§ Your objective
Print all of the entries exactly, minus the pictures.

######

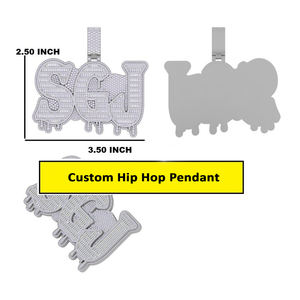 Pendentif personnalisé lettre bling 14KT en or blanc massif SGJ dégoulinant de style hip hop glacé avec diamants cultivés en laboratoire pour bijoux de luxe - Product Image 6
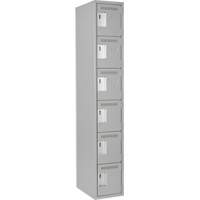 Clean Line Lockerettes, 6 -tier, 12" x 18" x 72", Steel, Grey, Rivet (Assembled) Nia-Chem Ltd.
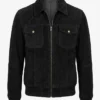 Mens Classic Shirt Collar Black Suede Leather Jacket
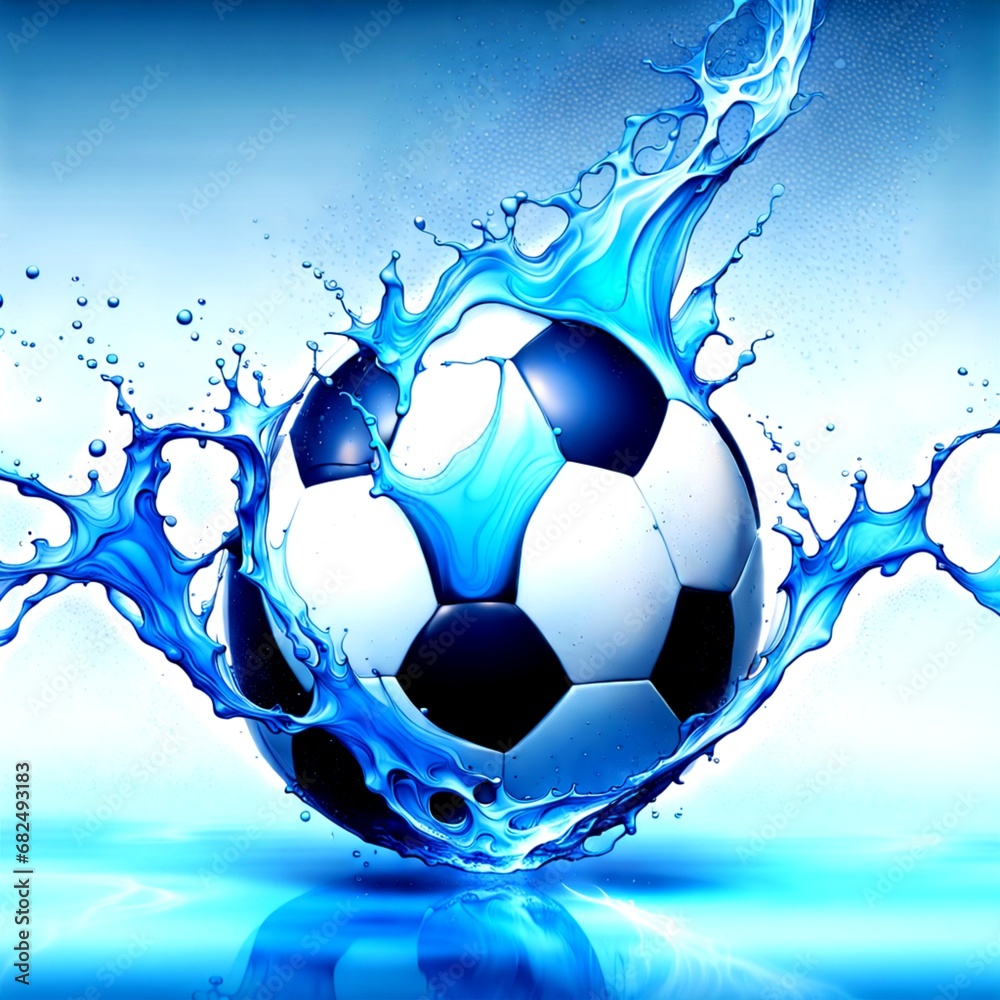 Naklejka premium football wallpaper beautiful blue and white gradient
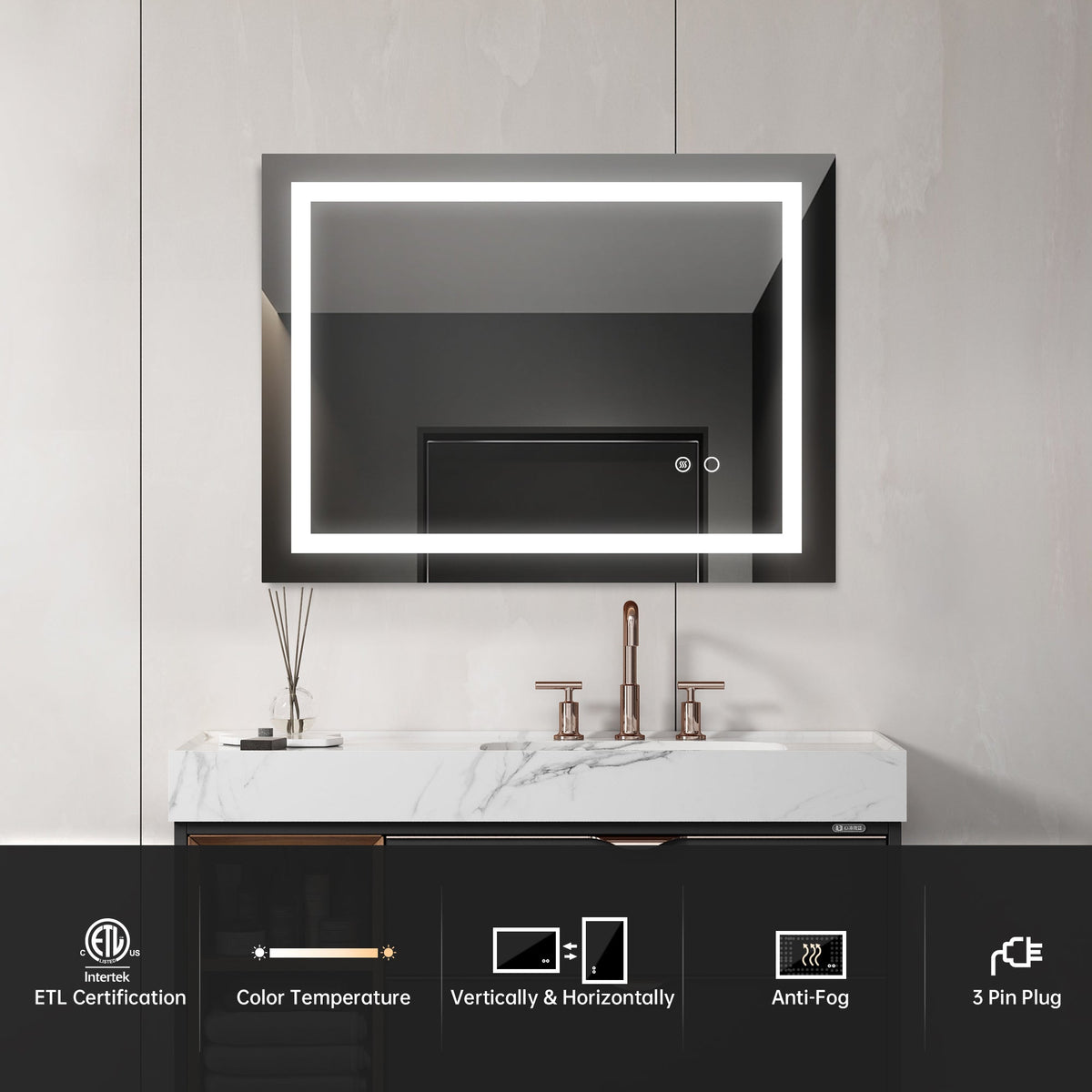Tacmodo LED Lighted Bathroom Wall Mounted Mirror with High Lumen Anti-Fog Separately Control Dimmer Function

######

§ Written answer
 Pendentif personnalisé lettre bling 14KT en or blanc massif SGJ dégoulinant de style hip hop glacé avec diamants cultivés en laboratoire pour bijoux de luxe - Product Image 6
 Clean Line Lockerettes, 6 -tier, 12" x 18" x 72", Steel, Grey, Rivet (Assembled) Nia-Chem Ltd.
 Mens Classic Shirt Collar Black Suede Leather Jacket
 Naklejka premium football wallpaper beautiful blue and white gradient
Tacmodo LED Lighted Bathroom Wall Mounted Mirror with High Lumen Anti-Fog Separately Control Dimmer Function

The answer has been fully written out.